NO WRITER ATTRIBUTED

Four agents were named yesterday to solicit the Class of '52 for the Harvard Fund; William B. Frothingham, Jr., of Eliot, Forrest L. Gould, Jr., of Dudley, Bruce S. Lane, of Leverett, and Paul M. Weissman of Dunster will work to raise $100,000 or more by the time of the class' 25th reunion. Introduced at the reunion last night, the '52 agents will send out their first appeals within a few days, in keeping with the tradition of tackling the graduating class before it leaves Cambridge.

The Harvard Fund Council was founded in 1925 and solicits annually for the sole benefit of the College. About 70 percent of the 42,000 living alumni of the College have contributed to it at one time or another, and its annual contributors now number nearly 16,000.

In 1951 the Fund raised $409,000 and since 1925 its receipts have been more than $5,500,000. Everything contributed by each graduating class for the first 25 years out of College is credited toward the traditional gift of $100,000 which the class presents to the College.

This donation is to help make up the difference between what students pay for their education and the amount it costs the College to provide it.

Recently the 25th year gift has been increased, and the Class of '26 last June gave $160,000--all of it raised through the Harvard Fund. Such gifts are capitalized for scholarships and undergraduate instruction.

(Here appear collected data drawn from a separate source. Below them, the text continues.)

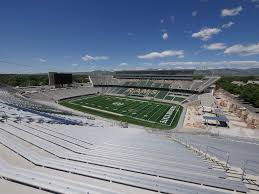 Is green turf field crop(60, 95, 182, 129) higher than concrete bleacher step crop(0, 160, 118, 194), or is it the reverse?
concrete bleacher step crop(0, 160, 118, 194)

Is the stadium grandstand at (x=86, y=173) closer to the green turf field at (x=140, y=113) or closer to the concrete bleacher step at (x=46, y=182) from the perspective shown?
the concrete bleacher step at (x=46, y=182)

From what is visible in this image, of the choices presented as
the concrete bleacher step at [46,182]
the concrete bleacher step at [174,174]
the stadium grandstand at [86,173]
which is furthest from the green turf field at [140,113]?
the concrete bleacher step at [46,182]

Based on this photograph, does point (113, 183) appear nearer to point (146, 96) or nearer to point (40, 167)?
point (40, 167)

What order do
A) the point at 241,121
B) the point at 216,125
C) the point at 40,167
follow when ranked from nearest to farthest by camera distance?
the point at 40,167, the point at 216,125, the point at 241,121

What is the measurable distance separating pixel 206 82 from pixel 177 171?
69556 mm

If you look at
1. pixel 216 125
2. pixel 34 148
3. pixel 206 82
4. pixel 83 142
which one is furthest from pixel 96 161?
pixel 206 82

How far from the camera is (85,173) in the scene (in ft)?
22.2

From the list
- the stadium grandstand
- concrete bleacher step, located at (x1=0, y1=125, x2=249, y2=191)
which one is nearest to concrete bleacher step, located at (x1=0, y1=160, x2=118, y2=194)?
the stadium grandstand

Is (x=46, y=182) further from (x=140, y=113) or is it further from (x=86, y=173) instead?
(x=140, y=113)

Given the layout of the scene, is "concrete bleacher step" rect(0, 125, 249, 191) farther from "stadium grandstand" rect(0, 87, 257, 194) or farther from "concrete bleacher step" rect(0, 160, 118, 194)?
"concrete bleacher step" rect(0, 160, 118, 194)

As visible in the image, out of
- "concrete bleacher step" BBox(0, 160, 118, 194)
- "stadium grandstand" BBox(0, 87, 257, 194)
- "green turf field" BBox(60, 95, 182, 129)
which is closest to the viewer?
"concrete bleacher step" BBox(0, 160, 118, 194)

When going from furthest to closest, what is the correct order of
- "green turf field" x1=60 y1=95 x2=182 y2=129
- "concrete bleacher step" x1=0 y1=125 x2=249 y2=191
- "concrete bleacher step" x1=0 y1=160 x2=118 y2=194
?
"green turf field" x1=60 y1=95 x2=182 y2=129
"concrete bleacher step" x1=0 y1=125 x2=249 y2=191
"concrete bleacher step" x1=0 y1=160 x2=118 y2=194

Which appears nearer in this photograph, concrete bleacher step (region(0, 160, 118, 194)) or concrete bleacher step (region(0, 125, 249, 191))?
concrete bleacher step (region(0, 160, 118, 194))

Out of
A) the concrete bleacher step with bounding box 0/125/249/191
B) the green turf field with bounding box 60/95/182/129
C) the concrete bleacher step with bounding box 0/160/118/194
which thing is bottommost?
the green turf field with bounding box 60/95/182/129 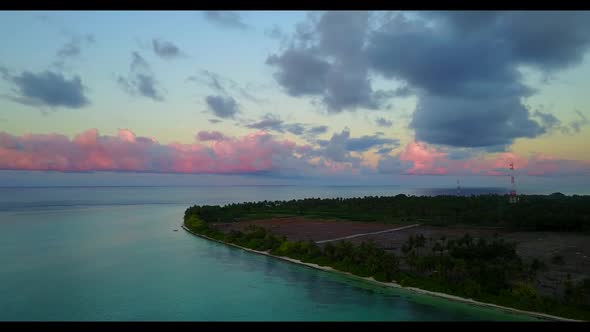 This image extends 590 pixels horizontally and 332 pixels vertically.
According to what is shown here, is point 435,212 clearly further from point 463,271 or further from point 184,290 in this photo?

As the money is being raised, the College uses the interest on on the sum, usually about $25,000 in all.

During the 1951; appeal, 254 seniors gave $1,421, while during the 1950 drive 283 seniors donated $1,165.

The Fund Council and the senior class officers are responsible for the selection of each class' agents.

All annual giving at Harvard last year (including graduate school funds) was second only to Yale in numbers of donors and fourth in the nation in total dollars raised.